> **DATA EXTRACT**:
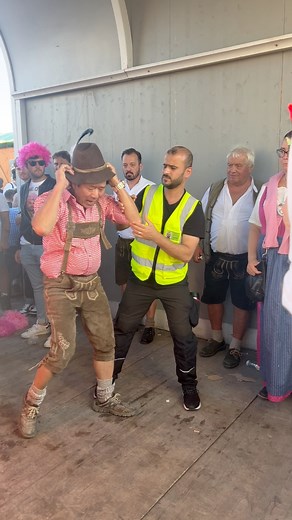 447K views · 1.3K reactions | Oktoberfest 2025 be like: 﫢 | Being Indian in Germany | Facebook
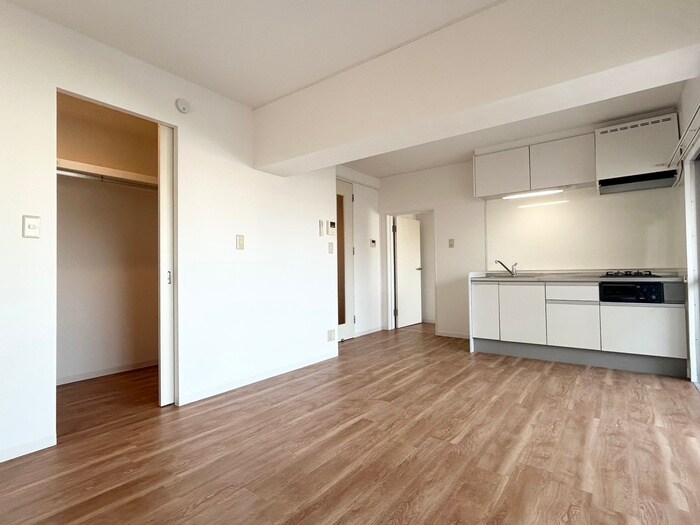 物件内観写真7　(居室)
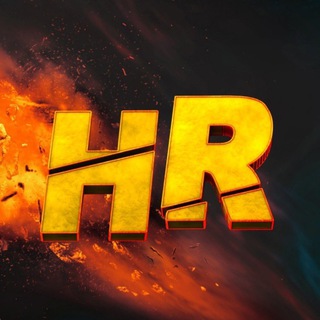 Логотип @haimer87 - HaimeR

--

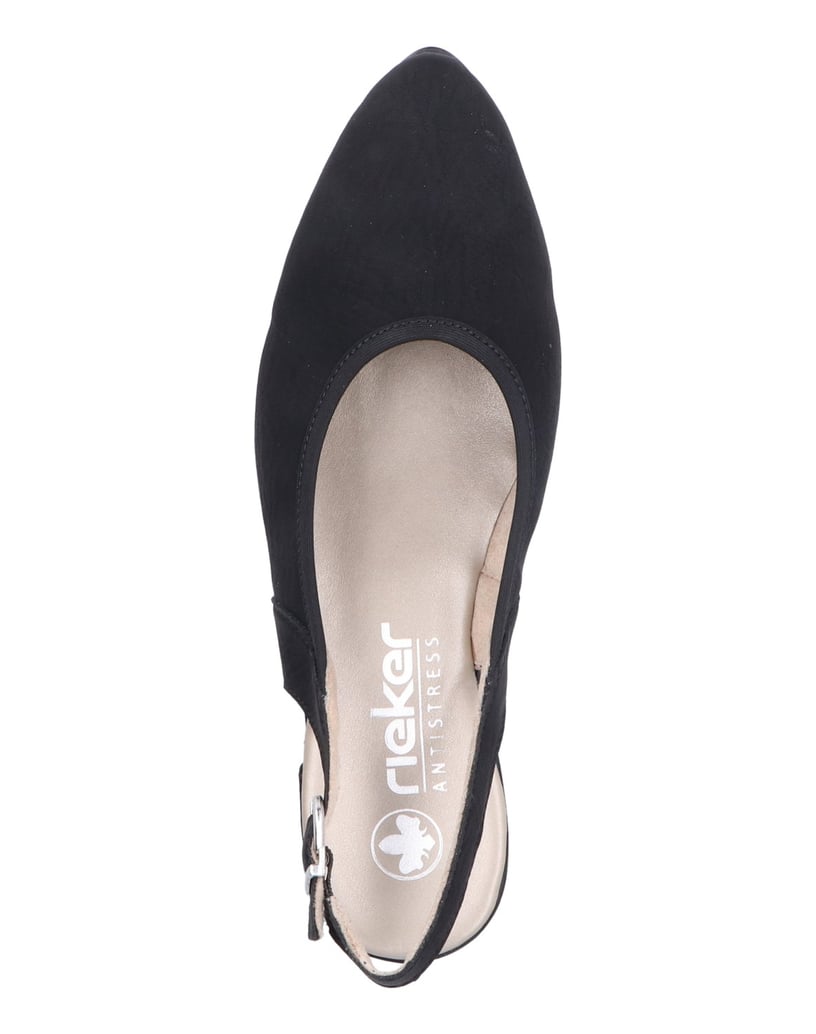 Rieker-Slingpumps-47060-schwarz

> **ABOUT THIS EXERCISE**: Repeat exactly the lines above, from the line that contains "447K views ·" down through the line that contains "Логотип @haimer87 - HaimeR". Include both of those lines and none of the pictures.

> **ANSWER FOR THIS EXERCISE**:
 447K views · 1.3K reactions | Oktoberfest 2025 be like: 﫢 | Being Indian in Germany | Facebook
 物件内観写真7　(居室)
 Логотип @haimer87 - HaimeR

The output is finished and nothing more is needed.